> About this exercise
Look through the data below for the line with "Palm tree on desert sunset clipart" and the line with "Visit British Columbia", then output those two and all lines in between, exactly as written.

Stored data

Segment Open

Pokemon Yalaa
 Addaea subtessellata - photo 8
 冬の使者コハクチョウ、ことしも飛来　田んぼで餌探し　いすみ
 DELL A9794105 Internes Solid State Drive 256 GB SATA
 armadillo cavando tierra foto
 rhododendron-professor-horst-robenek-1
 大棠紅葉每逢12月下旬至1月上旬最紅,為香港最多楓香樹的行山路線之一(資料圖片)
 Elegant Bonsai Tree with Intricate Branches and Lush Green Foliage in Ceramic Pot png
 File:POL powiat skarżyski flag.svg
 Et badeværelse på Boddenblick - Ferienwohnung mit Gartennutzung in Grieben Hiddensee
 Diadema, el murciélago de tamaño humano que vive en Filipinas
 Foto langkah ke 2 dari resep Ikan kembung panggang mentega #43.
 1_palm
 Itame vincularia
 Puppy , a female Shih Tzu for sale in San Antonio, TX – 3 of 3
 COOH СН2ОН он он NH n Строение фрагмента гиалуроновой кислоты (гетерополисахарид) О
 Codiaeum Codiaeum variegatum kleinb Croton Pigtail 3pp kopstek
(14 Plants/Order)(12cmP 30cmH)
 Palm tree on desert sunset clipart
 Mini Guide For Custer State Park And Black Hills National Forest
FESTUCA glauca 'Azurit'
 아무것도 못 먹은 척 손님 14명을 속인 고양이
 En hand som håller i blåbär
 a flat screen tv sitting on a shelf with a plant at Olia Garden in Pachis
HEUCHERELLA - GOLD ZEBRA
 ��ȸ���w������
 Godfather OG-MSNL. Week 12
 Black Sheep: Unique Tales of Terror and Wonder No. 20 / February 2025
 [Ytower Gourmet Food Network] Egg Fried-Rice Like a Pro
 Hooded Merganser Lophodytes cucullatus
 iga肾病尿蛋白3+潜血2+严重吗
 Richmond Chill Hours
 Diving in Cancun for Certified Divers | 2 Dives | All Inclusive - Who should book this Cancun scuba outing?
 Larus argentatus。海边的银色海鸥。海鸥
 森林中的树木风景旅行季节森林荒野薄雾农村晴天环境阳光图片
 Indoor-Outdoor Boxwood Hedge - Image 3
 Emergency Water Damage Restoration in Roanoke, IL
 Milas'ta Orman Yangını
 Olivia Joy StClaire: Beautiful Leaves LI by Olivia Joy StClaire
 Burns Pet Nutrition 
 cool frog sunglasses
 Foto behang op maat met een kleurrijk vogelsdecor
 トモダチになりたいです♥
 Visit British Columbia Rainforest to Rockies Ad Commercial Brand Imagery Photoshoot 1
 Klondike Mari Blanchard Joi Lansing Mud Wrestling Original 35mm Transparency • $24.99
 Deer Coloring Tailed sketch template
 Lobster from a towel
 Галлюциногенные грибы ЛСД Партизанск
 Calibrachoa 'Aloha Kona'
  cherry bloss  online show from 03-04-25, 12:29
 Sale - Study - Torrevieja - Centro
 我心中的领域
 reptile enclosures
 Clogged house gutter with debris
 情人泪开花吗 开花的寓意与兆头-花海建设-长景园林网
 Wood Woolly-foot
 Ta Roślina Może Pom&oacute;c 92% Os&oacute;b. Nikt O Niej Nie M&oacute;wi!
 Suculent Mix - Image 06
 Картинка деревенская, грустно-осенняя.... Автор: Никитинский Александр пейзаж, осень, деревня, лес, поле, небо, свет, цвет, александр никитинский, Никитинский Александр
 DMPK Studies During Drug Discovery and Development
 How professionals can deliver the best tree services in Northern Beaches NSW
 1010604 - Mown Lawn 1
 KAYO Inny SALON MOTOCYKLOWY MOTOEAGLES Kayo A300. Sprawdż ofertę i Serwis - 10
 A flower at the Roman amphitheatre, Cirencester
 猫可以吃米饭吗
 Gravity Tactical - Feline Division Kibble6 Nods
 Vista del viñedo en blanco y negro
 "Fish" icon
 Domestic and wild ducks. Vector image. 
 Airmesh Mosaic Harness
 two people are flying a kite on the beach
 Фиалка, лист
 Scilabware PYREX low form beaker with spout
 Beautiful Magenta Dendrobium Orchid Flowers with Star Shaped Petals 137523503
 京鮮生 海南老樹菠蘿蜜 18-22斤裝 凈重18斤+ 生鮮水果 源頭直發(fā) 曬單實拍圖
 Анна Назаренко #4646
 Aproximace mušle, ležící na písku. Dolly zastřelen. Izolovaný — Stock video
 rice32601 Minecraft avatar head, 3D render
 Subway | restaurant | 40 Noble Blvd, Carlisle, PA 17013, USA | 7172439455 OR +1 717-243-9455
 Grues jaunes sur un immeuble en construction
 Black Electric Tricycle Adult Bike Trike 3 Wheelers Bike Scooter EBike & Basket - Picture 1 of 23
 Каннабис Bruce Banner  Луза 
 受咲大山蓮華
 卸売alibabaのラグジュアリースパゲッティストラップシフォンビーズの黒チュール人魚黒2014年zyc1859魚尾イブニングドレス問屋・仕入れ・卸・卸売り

Segment Closed

> Task result
 Palm tree on desert sunset clipart
 Mini Guide For Custer State Park And Black Hills National Forest
FESTUCA glauca 'Azurit'
 아무것도 못 먹은 척 손님 14명을 속인 고양이
 En hand som håller i blåbär
 a flat screen tv sitting on a shelf with a plant at Olia Garden in Pachis
HEUCHERELLA - GOLD ZEBRA
 ��ȸ���w������
 Godfather OG-MSNL. Week 12
 Black Sheep: Unique Tales of Terror and Wonder No. 20 / February 2025
 [Ytower Gourmet Food Network] Egg Fried-Rice Like a Pro
 Hooded Merganser Lophodytes cucullatus
 iga肾病尿蛋白3+潜血2+严重吗
 Richmond Chill Hours
 Diving in Cancun for Certified Divers | 2 Dives | All Inclusive - Who should book this Cancun scuba outing?
 Larus argentatus。海边的银色海鸥。海鸥
 森林中的树木风景旅行季节森林荒野薄雾农村晴天环境阳光图片
 Indoor-Outdoor Boxwood Hedge - Image 3
 Emergency Water Damage Restoration in Roanoke, IL
 Milas'ta Orman Yangını
 Olivia Joy StClaire: Beautiful Leaves LI by Olivia Joy StClaire
 Burns Pet Nutrition 
 cool frog sunglasses
 Foto behang op maat met een kleurrijk vogelsdecor
 トモダチになりたいです♥
 Visit British Columbia Rainforest to Rockies Ad Commercial Brand Imagery Photoshoot 1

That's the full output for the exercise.